Issue is captured in below pictures from nsys.
Top: Overview of 2 processes using CUDA HW (Orin).
Lower-left: Kernel is executed right after kernel launch, which is normal behavior.
Lower-right: Kernel execution is delayed after kenerl launch. The delay happens frequently and appears to be approximately 100ms cyclical.
In my application, cublassSgemv() is used for Matrix Vector Multiplication.
The same issue is observed when reducing the size of matrix and vector (just 4x2 matrix and 2x1 vector).
Do you have any thought about the occurance which appear to be approximately cyclical?
One possible cause is that the tasks are waiting in the queue when submitting to the GPU.

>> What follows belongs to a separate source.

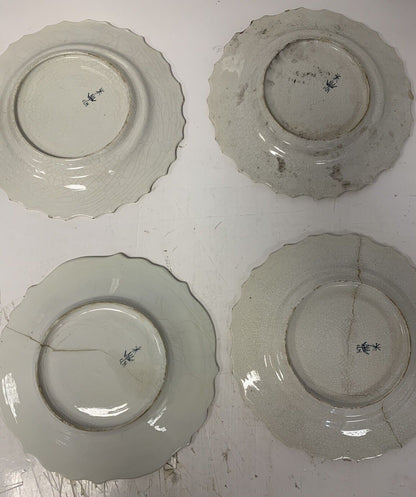 4 piatti in ceramica decorati a mano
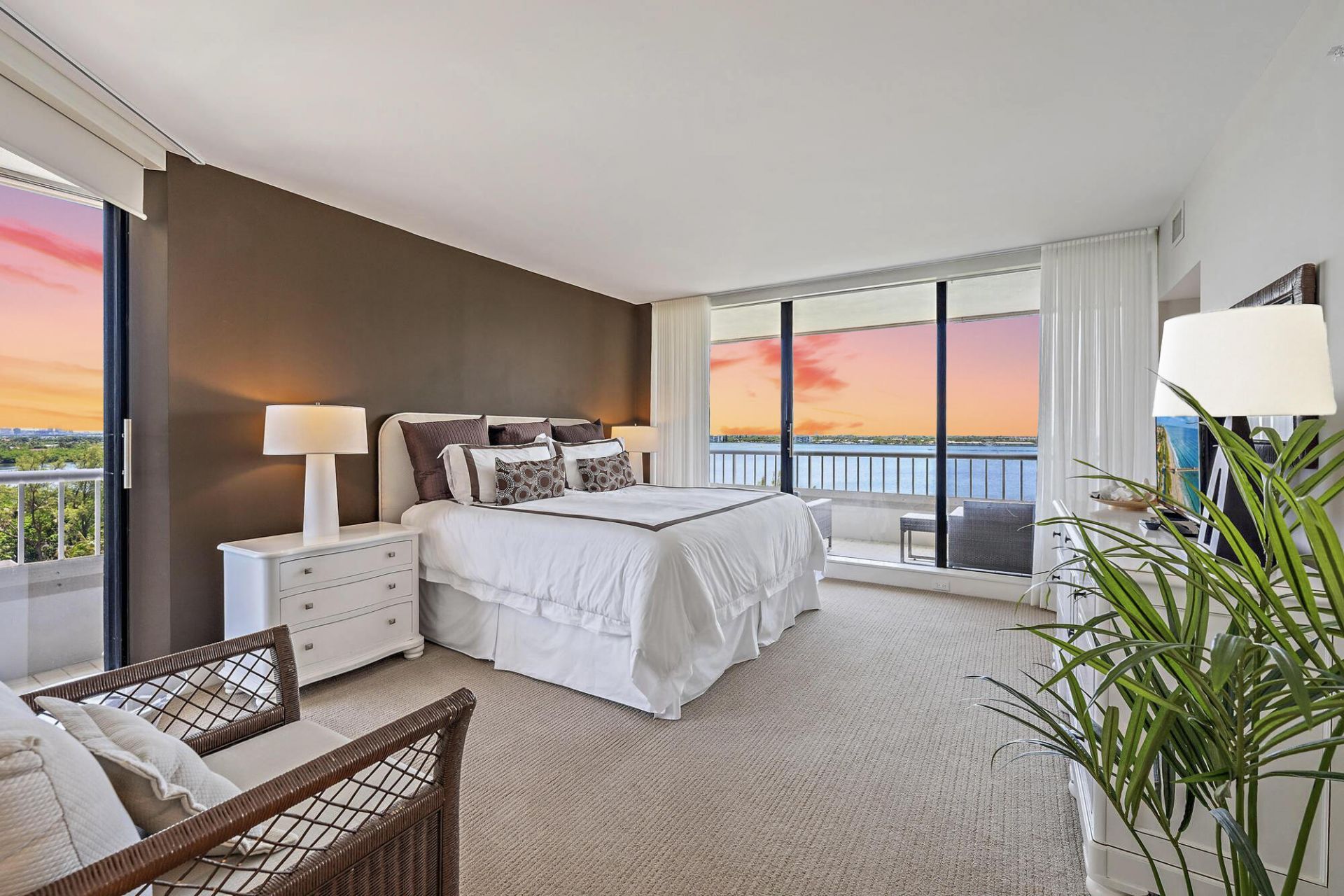 5250 N Ocean Drive, Unit 10s, Singer Island, FL 33404 Photo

Please try to increase the work queue number to see if it helps:
$ export CUDA_DEVICE_MAX_CONNECTIONS=32
Here is the corresponding document for your reference:
If this doesn’t help, could you share a reproducible source and steps so we can try it in our environment as well?
I tried with simple application that does similar to the original application.
From nsys report ioctl appears to block kenel execution after kernel launch periodically.
What is ioctl running for periodically and is there any way to stop it?
One process uses outputs from the other one.
It is to simulate process communication in the original application.
MPS is used to reduce the overhead for context swtich on GPU when 2 processes requests GPU calculation.
Do you also meet the same issue without using MPS?
We double-checked the source and the profiling output shared on Apr 9.
Setting CUDA_DEVICE_MAX_CONNECTIONS does help.
The below experiment is done with the non-MPS sample.
Before increasing the max queue number, we do see the launch latency increase from ~12 µs to 1ms.
Is there any way to check the number of total quenes submitted to GPU?
It may be that other applications on my environment are submitting more quene than your environemnt, which lead to ioctl’s blocking although increasing limit with CUDA_DEVICE_MAX_CONNECTIONS=32.
2.
Unfortunately, this is controlled by the low-level GPU scheduler and no info can be retrieved.
Usually, this comes from the smaller kernel like DNNs.
But you can try if the CUDA graph helps for your use case.
The library is designed to minimize launch latency.
Thank you for the link.
Using tracing tool like strace, I found that Xorg and gnome-shell are calling ioctl() system call, which can be processes interrupting my application.
Setting up jetson with CUI mode disables those applications using GPU for GUI, and worked to reduce latency due to ioctl().